(Entries supplied begins)

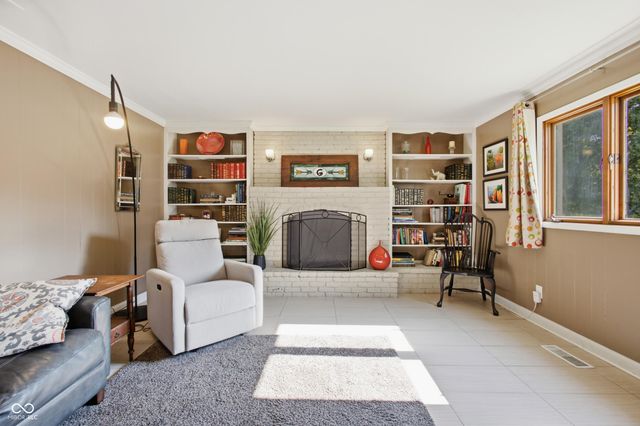 6706 Cricklewood Road, Indianapolis, IN 46220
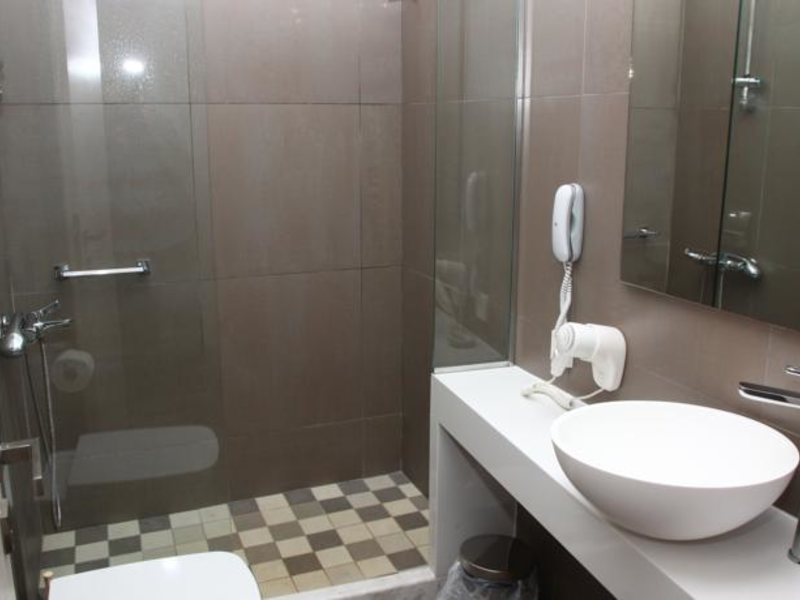 Anna Maria Village  77548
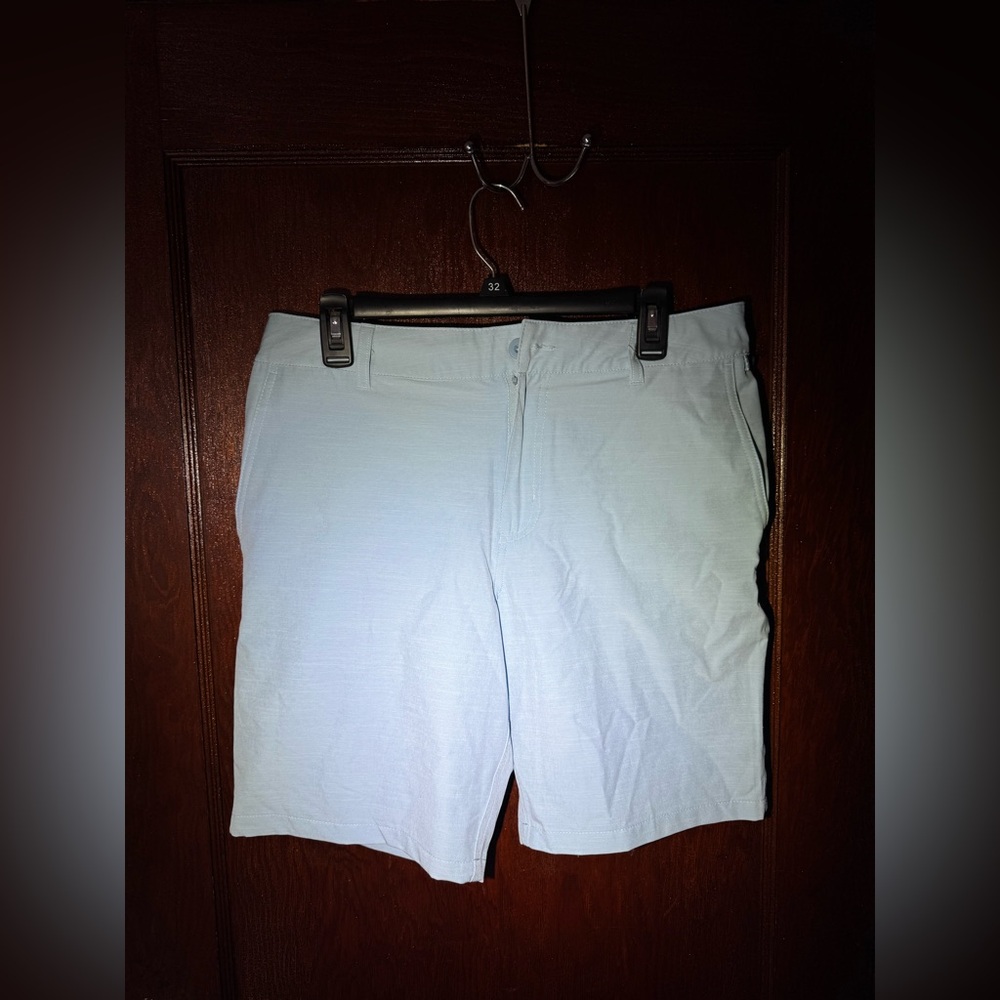 GOODFELLOW & CO — MENS 9” HYBRID SWIM SHORTS 32W LIGHT BLUE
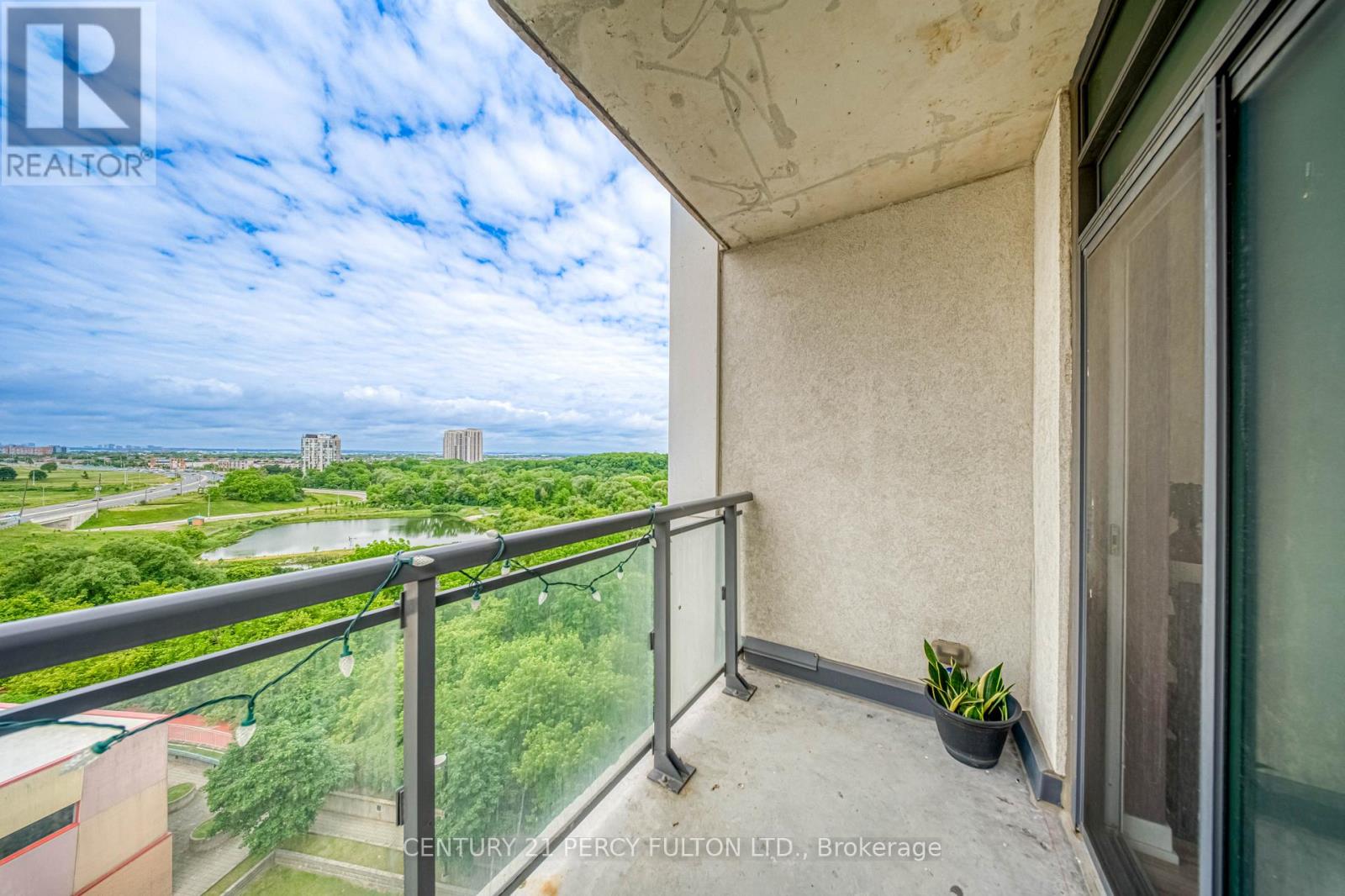 #802 840 QUEENS PLATE DRIVE - 22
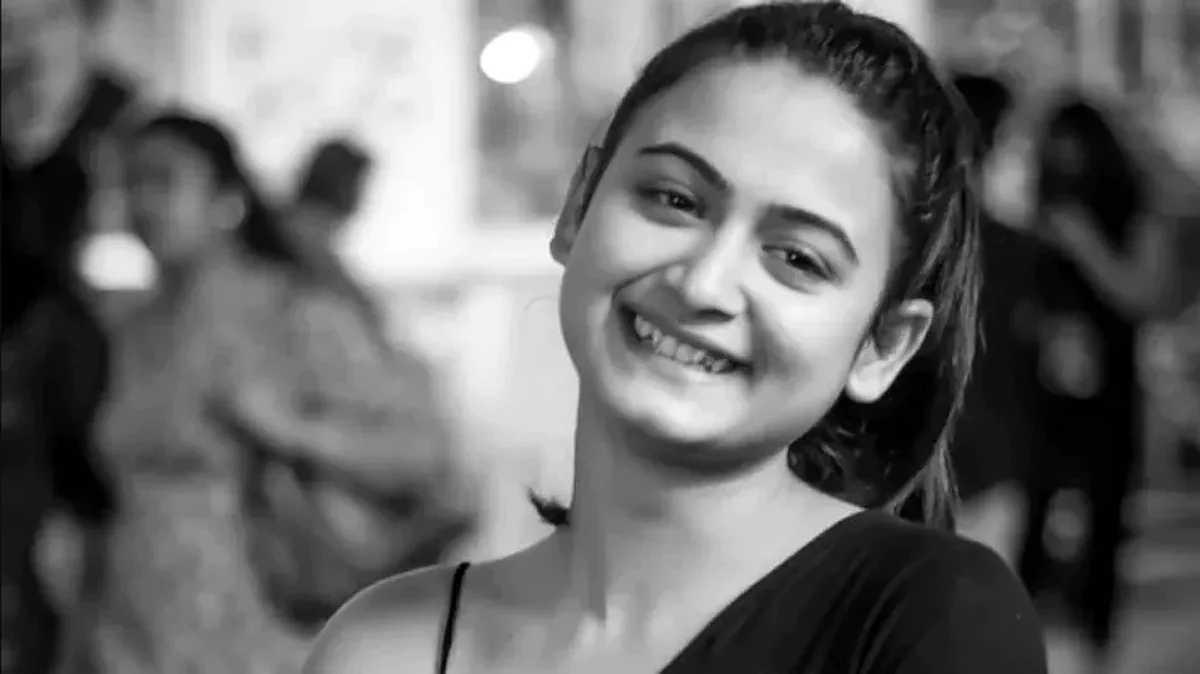 death of bengali actress pallavi dey dead body found hanging inside the house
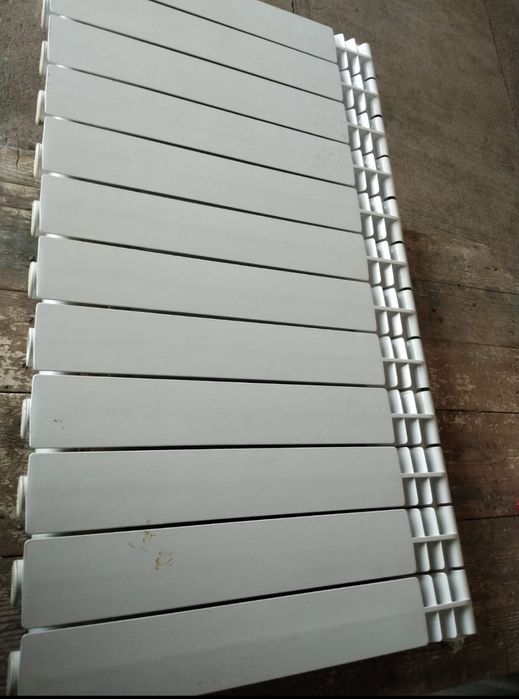 Продам б/у радиатор отопления (батарея)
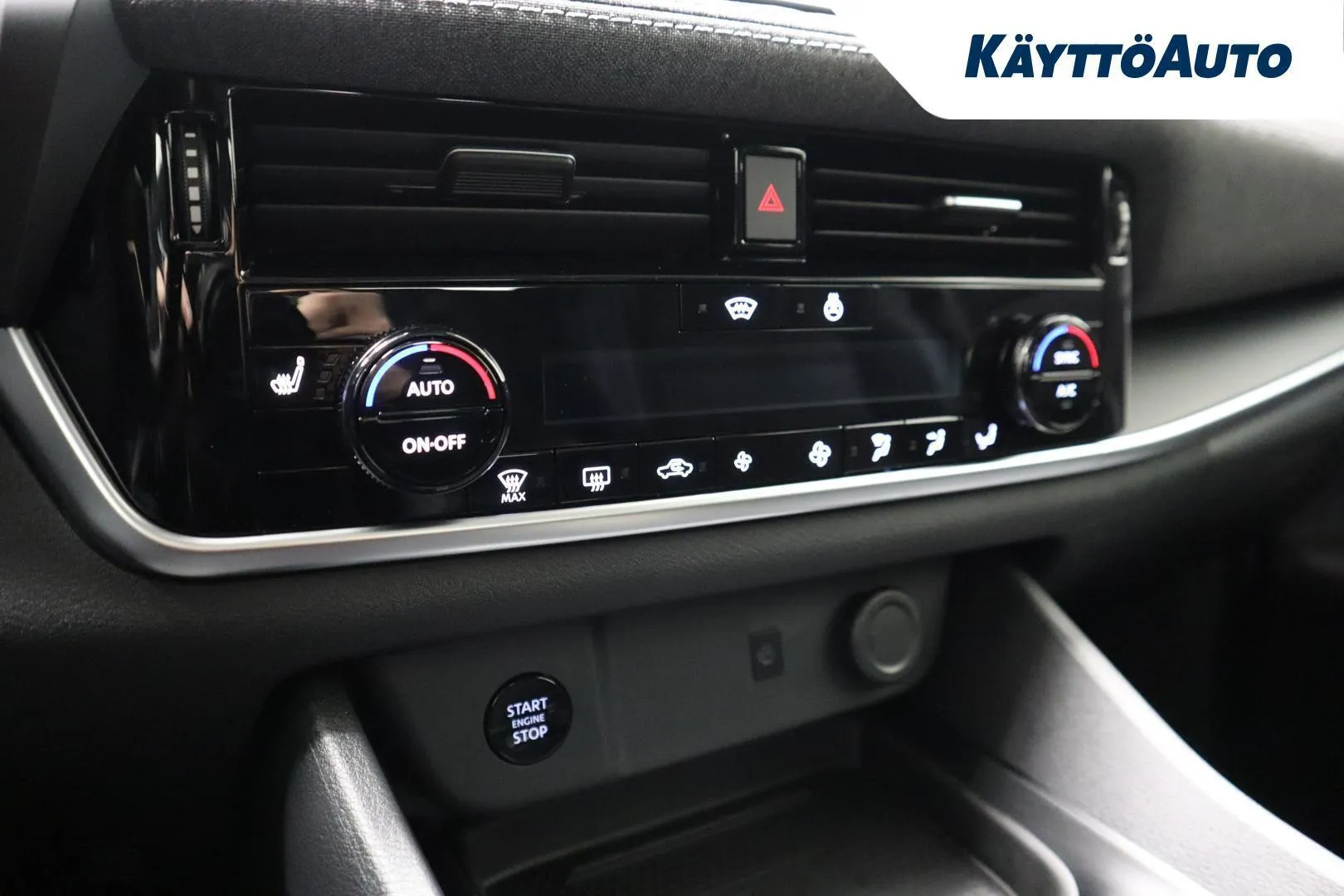 Nissan Qashqai ISU-597 carousel image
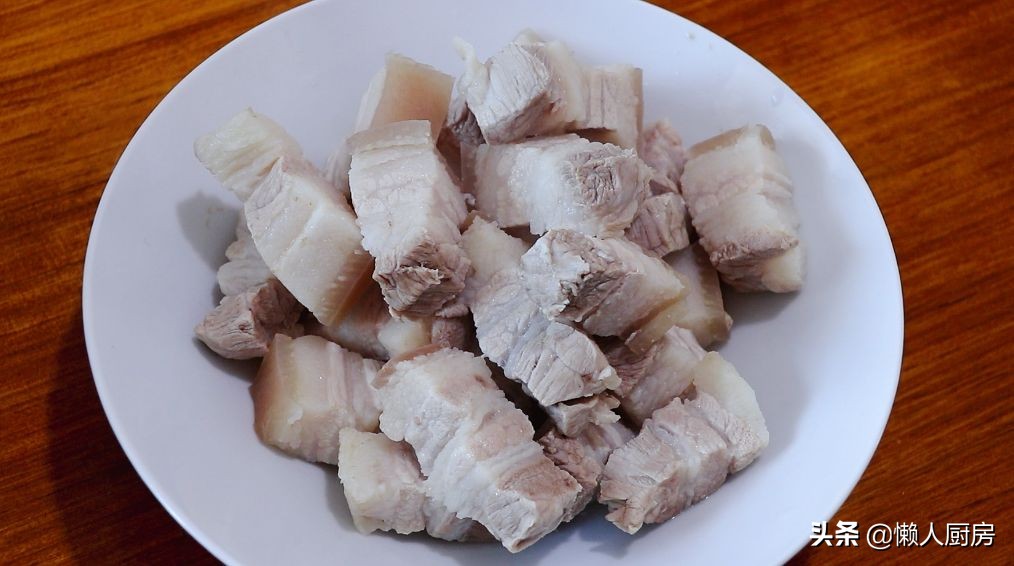 五花肉還能這樣做紅燒肉，螃蟹與五花肉完美結合，讓人食指大動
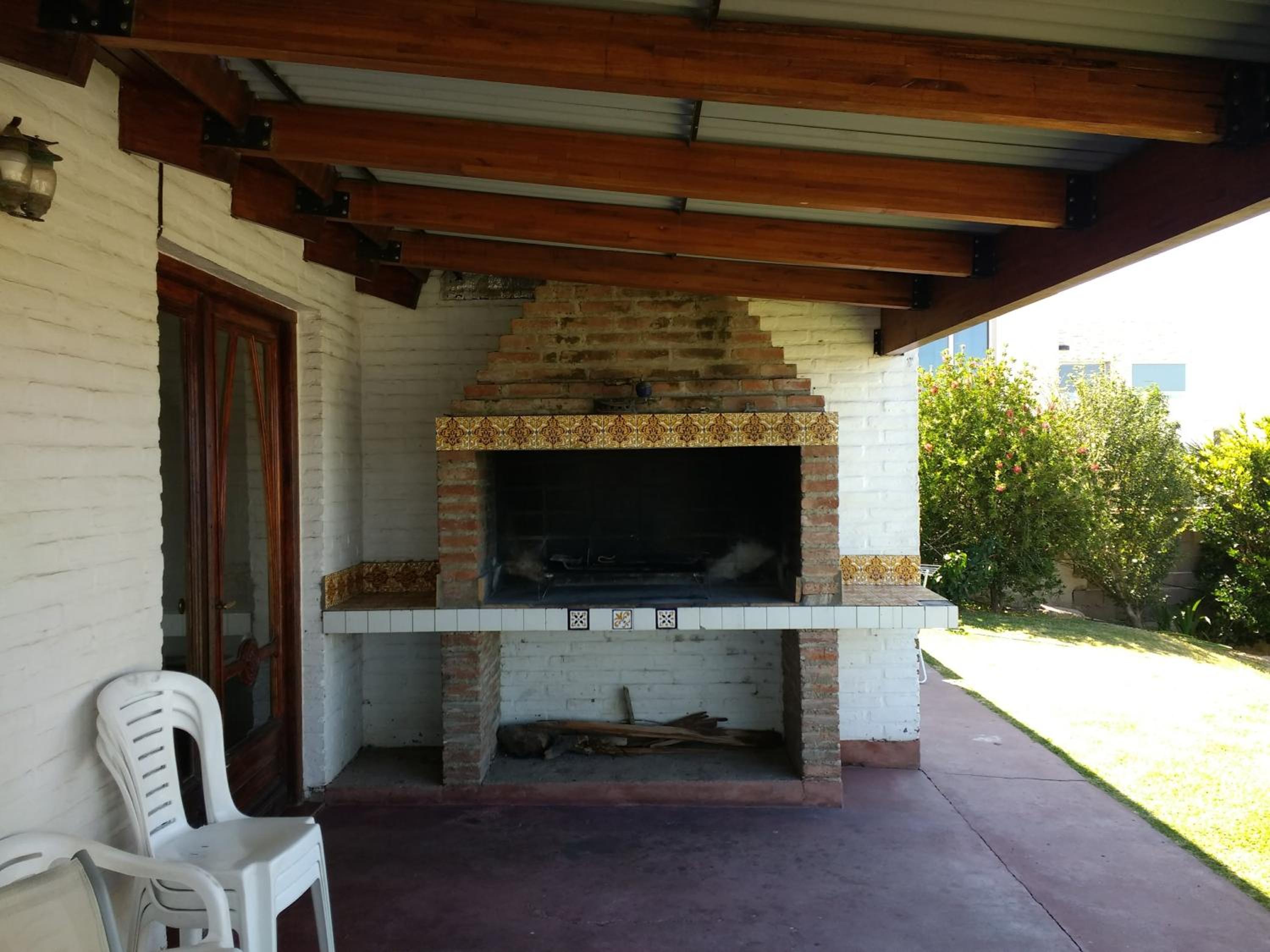 Three-Bedroom House photo 2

(Entries supplied ends)

▶ [Problem]:
Please output all of the data exactly as given, omitting any images it holds.

▶ [Final answer]:
 6706 Cricklewood Road, Indianapolis, IN 46220
 Anna Maria Village  77548
 GOODFELLOW & CO — MENS 9” HYBRID SWIM SHORTS 32W LIGHT BLUE
 #802 840 QUEENS PLATE DRIVE - 22
 death of bengali actress pallavi dey dead body found hanging inside the house
 Продам б/у радиатор отопления (батарея)
 Nissan Qashqai ISU-597 carousel image
 五花肉還能這樣做紅燒肉，螃蟹與五花肉完美結合，讓人食指大動
 Three-Bedroom House photo 2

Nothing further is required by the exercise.